I’ve said it before and I’ll say it again: I love cliches.
But before you run off to report me to your English teacher or editor (tattle-tale), let me clarify:
I love cliches with the kind of affection people bestow upon puppies and kittens. And while puppies and kittens can be very effective persuaders, they don’t work for every audience or in every situation. I’m not saying you should necessarily use cliches (or puppies and kittens) in your writing.
My fondness for cliches is born of awe. Once, long ago, they weren’t cliches. They were original expressions that either by extreme brilliance or happy accident said something JUST RIGHT, and their meaning resonated with us. And we loved them so much, we adopted them.

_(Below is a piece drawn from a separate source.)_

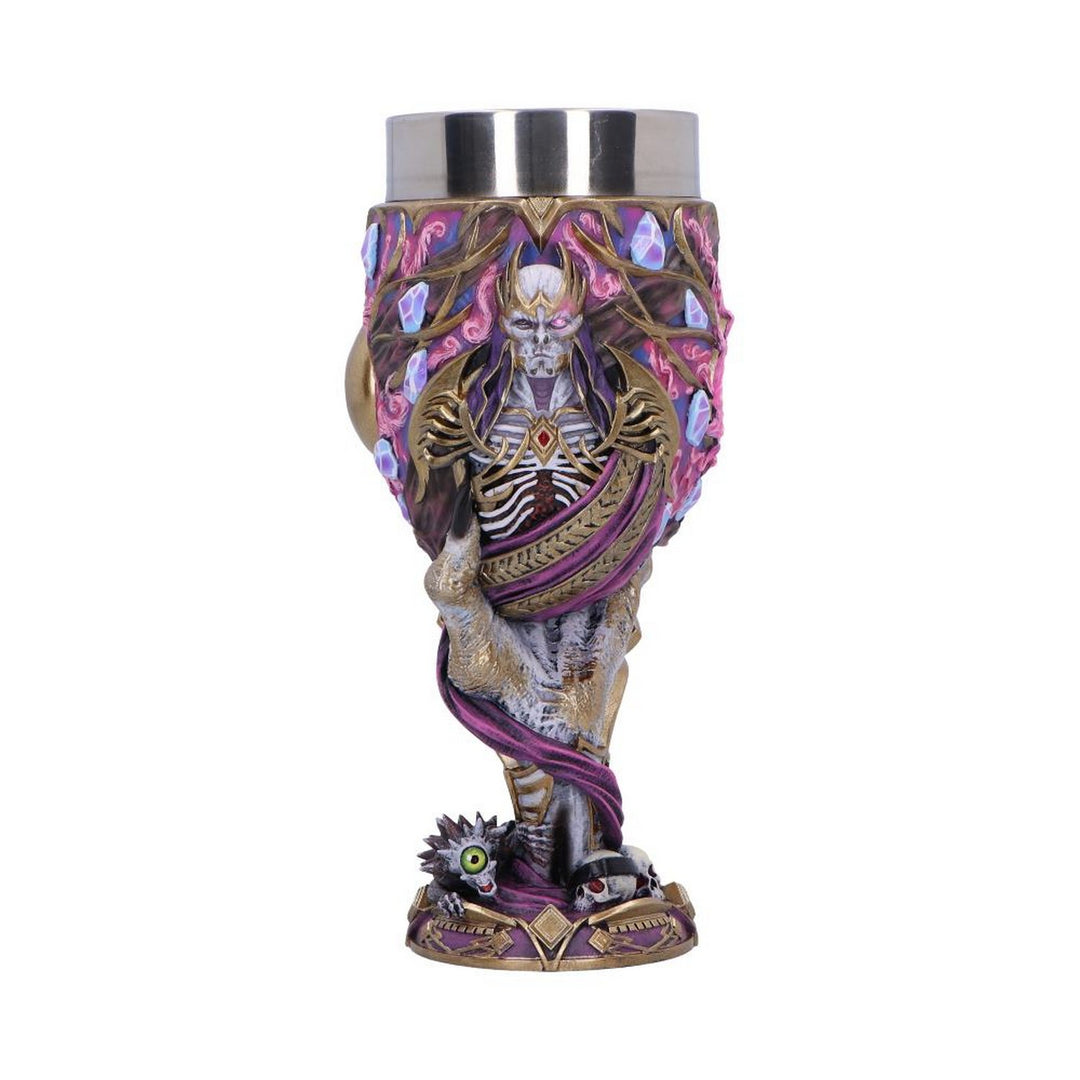 Dungeons & Dragons Vecna Goblet 19.5cm B7182C25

Oh, I know. We get tired of hearing them, like the “new” jokes a first-grader brings home from school.
But that actually makes my point. Think, for a moment, about the chicken that crossed the road. It’s still delightful to any 7-year-old hearing it for the first time. So simple, and yet so exquisitely unexpected:
To get to the other side. To get to the other side!
So yes, in general, avoid cliches in your writing, but let’s not be smug. When was the last time you wrote something so good it was absorbed by humankind? The originators of these colorful expressions did what any writer wants to do: to give voice and structure to thought, to communicate and to connect, and to get to the other side.